Chapter 25

Blade sat down in the brown leather armchair facing the fire, and J sat down in the black leather one.

«Whiskey?» said J.

Blade shook his head. He wanted to wrap up the debriefing and go home. He was both mentally and physically exhausted in a way he'd seldom been in his life.

«Very well,» said the older man. He fit a cigar and puffed m silence for a few moments.

«The alloys and the fuel you brought back go hand in hand,» he said finally. «The planes built with the alloys need the fuel to get maximum performance. And of course the planes using the fuel have to be built with the alloys. Otherwise their engines will simply melt.»

«I suspected as much,» said Blade. «What are the prospects for producing either?»

«Good enough so that the production rights will probably be worth an immediate million pounds,» said J. «If there was a prospect of bringing either or both into production at once, we'd ask ten million. But anyone who buys the rights will have to spend several years and several million pounds of their own money duplicating certain catalysts and setting up production facilities. The picture is quite promising, however.»

Blade found that he could not pay as much attention to promising pictures as he ought to. Admittedly, once the fuel and alloys were perfected, Britain's aerospace industry would lead the world. But that was for the future. There were more urgent matters on his mind.

«What about Rilla?»

«Her notes are exceptionally complete, by the standards of her own Dimension. However, much of what was common knowledge there isn't quite so common here. Again, we have something whose value is enormous and can be realized fairly easily. It won't be another case like teksin. But it will be a few years before we can use Miss Haran's discoveries, either for curing cancer or for building dragons.»

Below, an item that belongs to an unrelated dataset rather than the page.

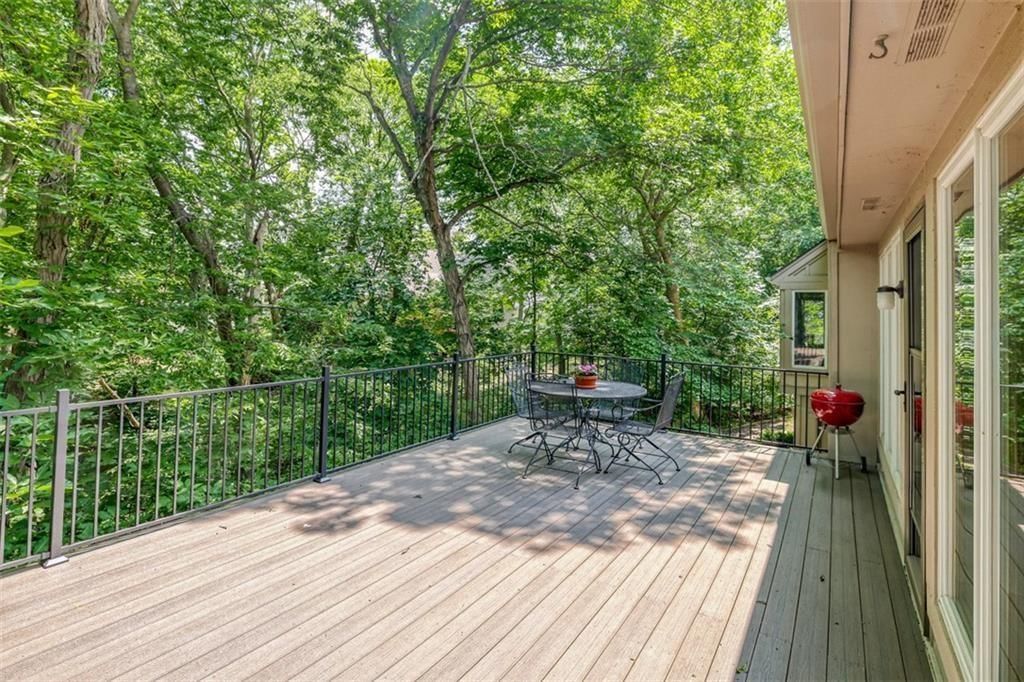 12613 Walmer Street — photo 4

The attempted humor fell flat. Blade sensed that J's heart was not in it in any case.

«No, I meant-how is Rilla herself? I haven't been let in to see her, so I assume she's still recovering from the transition, but-«

«Richard,» said J quietly, and the soft voice held enormous compassion for the younger man. «Rilla has quite recovered, physically. But mentally-she is not doing too well.»

«How-badly?» said Blade.

«She has no more mind than a six-month-old baby,» said J.

There was a long silence. Blade stared into the fire. He had seldom felt worse in all his life in any Dimension. Rilla's mind was gone, and when all was said and done, it was his fault. He could have left her in Englor.

«Thank you,» he said, and rose to go.

Richard Blade walked along Westminster Embankment. Above him the sky was gray, and from it fell the same kind of snow that had been falling on the London of Englor when he left it. His mood was as bleak and as gray as the weather.

He had done his duty to England and to Englor, and even more effectively than usual. He'd helped alter the course of history in Englor's Dimension, and what he'd brought back might yet do the same here.

Yet, didn't he also have duties to people like Rilla? Wasn't there perhaps a point where they took over? Genetics or no genetics, he would not have been betraying his own country by not bringing Rilla home. The alloys and the fuel would have been worth the trip. Rilla could still be safe and sane, honored and prosperous in Englor instead of helpless in a hospital in England.

He looked up at the tower of Big Ben, looming through the falling snow. No dragons of the Red Flames would perch there again in Englor; none would ever do so here in England.

That was a victory. But was it worth it, when other people so often seemed to pay the price?

Blade didn't know. Perhaps there was no answer. In any case, he would have to go on doing his duty, whether or not he ever found the answer.